Links to more information:
- Detailed Legal Guide in German
- German Case Law with Reference to Specific Countries of Origin
- All Specialized Points of Contact for LGBTI Refugees in Germany
Four “Queer Refugees Deutschland” refugee activists in a debate with judges and attorneys1. April 2021
Patrick Dörr (LSVD federal board member) and Philipp Braun (former ILGA-Co-Secretary General) delivered the introduction and discussed numerous legal aspects with the 41 connected judges, attorneys and BAMF staff members, which time and again play a role in court proceedings combating negative notifications sent to lesbian, gay and bisexual applicants. Four queer activists, all of them members of the Germany-wide refugee network of the LSVD project “Queer Refugees Deutschland,” complemented the legal debate with reports on experiences made in their countries of origin and with the asylum process:
In this context, Ahmad Khalid* from Egypt described the massive problems he encountered during his hearing, especially with an extremely homophobic interpreter. He also recounted the systematic persecution of the LSBTI* Community by the Egyptian government. Apparently, the situation on location saw another catastrophic peak after a concert of the Lebanese band Mashrou‘ Leila in September 2017. Since then, the government has been taking systematic aim at the queer community.

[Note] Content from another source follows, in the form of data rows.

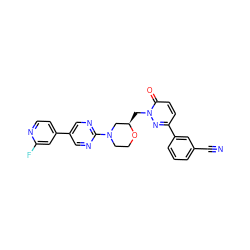 N#Cc1cccc(-c2ccc(=O)n(C[C@@H]3CN(c4ncc(-c5ccnc(F)c5)cn4)CCO3)n2)c1 ZINC000299819062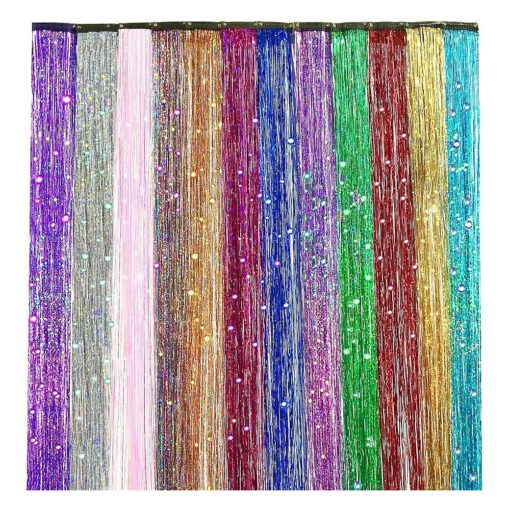 Clip In Hair Tinsel, Fairy Hair Tinsel Kit 12PCS 24 Inches Glitter Colorful Clip On Tinsel Hair Extensions for Girls Hair Accessories Party ( 12Colors, 24 Inches Clip In Hair Tinsel )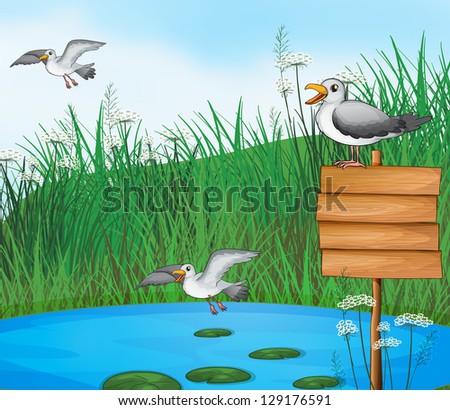 Illustration of the three birds at the pond with a signboard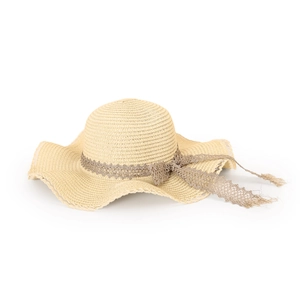 Detail of beige straw sun hat featuring brown lace ribbon and wide wavy brim for women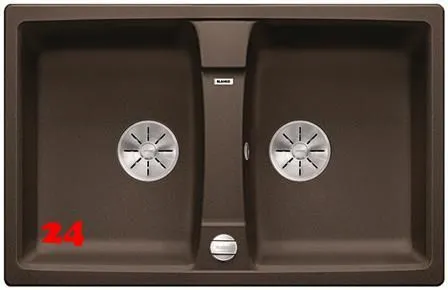 BLANCO Doppelsple Lexa 8 Silgranit PuraDurII Granitsple / Einbausple Ablaufsystem InFino mit Drehknopfventil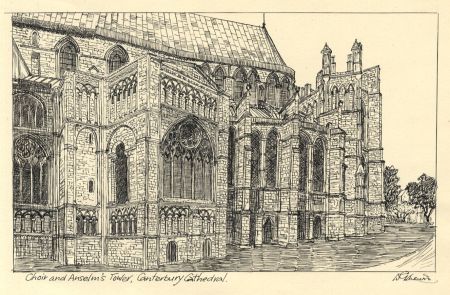 W.G. Lewis - Mid 20th Century Pen and Ink Drawing, Canterbury Cathedral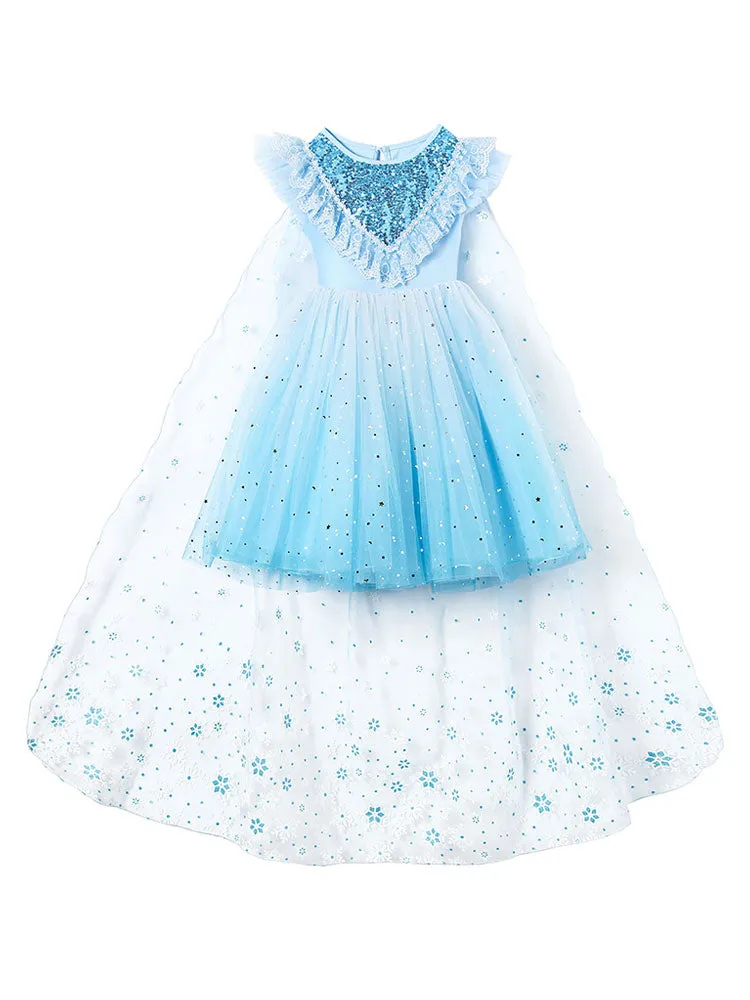 Blue Jewel Neck Lace Sleeveless Short Princess Dress Kids Social Party Dresses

Meri Petrosyan talked about the strongly embedded homophobic attitudes in her home country. Lesbians, gays and bisexual individuals are reportedly exposed to vast homophobic violence without any protection as a result. Accordingly, law enforcement is usually also homophobic and, as a rule, therefore provides no protections. In her experience, the BAMF does not actually acknowledge these societal realities in the relatively small country, where everyone knows everybody and where living under the radar is virtually impossible.
Pamir Ceyhan* from Iran described the immense persecution of queer individuals in Iran, where same sex activities between men can still result in the death penalty. Not only are numerous transgender people who do not wish to have surgeries performed subjected to operations, so are lesbians and gays who are forced to have surgeries and are mutilated by such interventions. Unfortunately, he and his Turkish husband subsequently ran into grave problems in Germany to be jointly recognized as a gay couple and therefore entitled to protection.
On the other hand, LSBTI activist Baküs Mejri experienced the positive side of the asylum process. In his presentation, he described primarily the interactions of the Tunisian police with queer individuals. Accordingly, it does not offer any protection against hostile violence against LSBTI persons and is even still using moral laws to randomly arrest individuals who are supposedly queer. While incarcerated, the prisoners are subjected to anal tests, which are internationally classified as acts of torture, with the aim of proving homosexuality, which is a fallacious supposition.
“With their four life stories, the activists have once again reminded us of what kind of lives lesbians, gays and bisexual persons are restricted to in many countries where they have to hide out from the government, society and frequently even their own families every single day,” observes Henny Engels, who also attended the event on behalf of the LSVD federal board.
*This is not the actual name of the individual, but an alias.